**Problem requirements**
Set the pictures aside and transcribe exactly the lines from the one containing "người hùng của ác nữ chapter 26 - Trang 2" through the final line of the records.

**Source records**
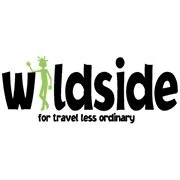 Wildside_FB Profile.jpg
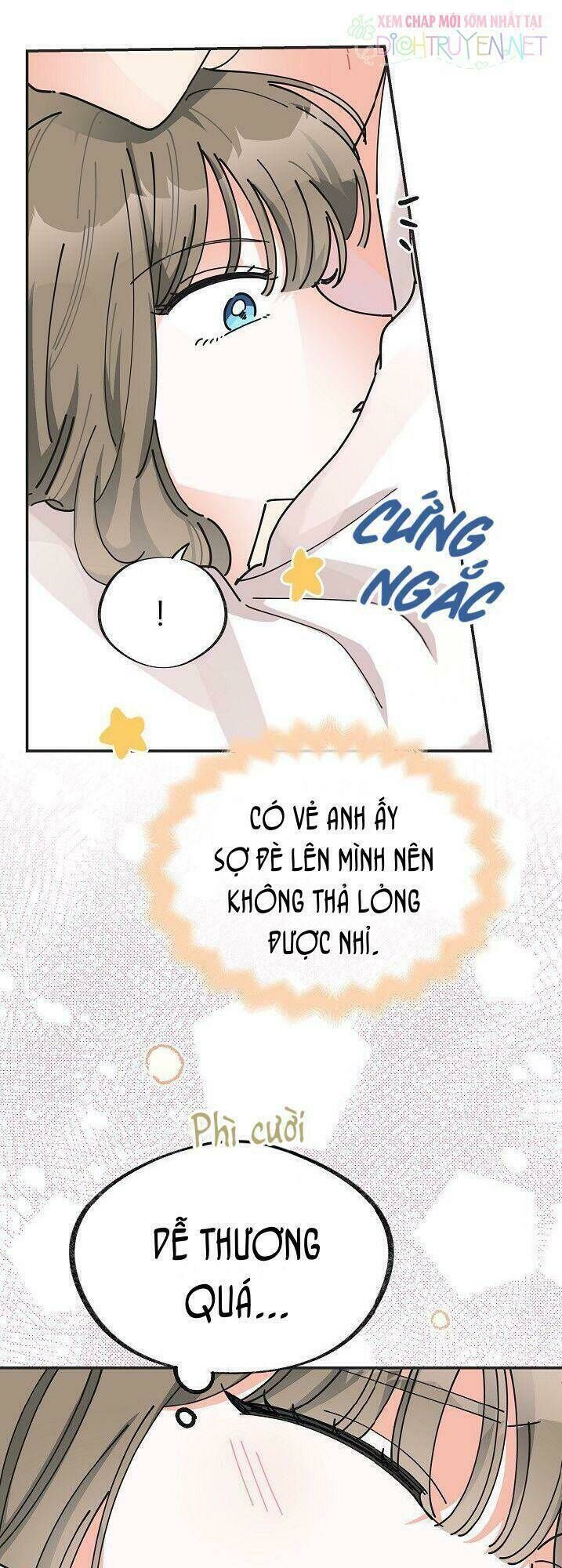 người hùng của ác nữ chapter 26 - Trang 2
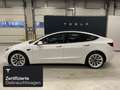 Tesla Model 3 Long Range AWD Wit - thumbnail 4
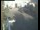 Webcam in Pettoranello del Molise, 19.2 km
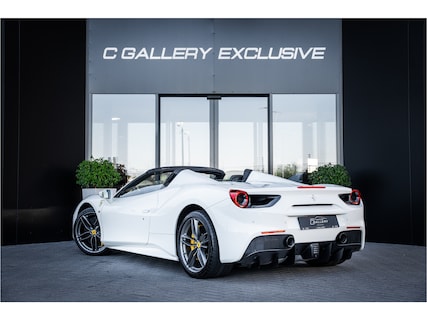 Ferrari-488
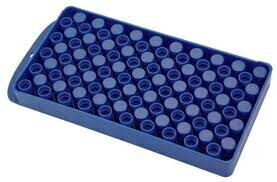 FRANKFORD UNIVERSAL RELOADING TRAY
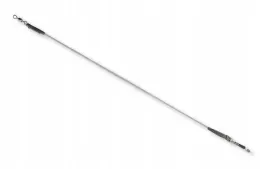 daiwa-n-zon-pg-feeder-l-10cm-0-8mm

**Task response**
 người hùng của ác nữ chapter 26 - Trang 2
 Tesla Model 3 Long Range AWD Wit - thumbnail 4
 Webcam in Pettoranello del Molise, 19.2 km
 Ferrari-488
 FRANKFORD UNIVERSAL RELOADING TRAY
 daiwa-n-zon-pg-feeder-l-10cm-0-8mm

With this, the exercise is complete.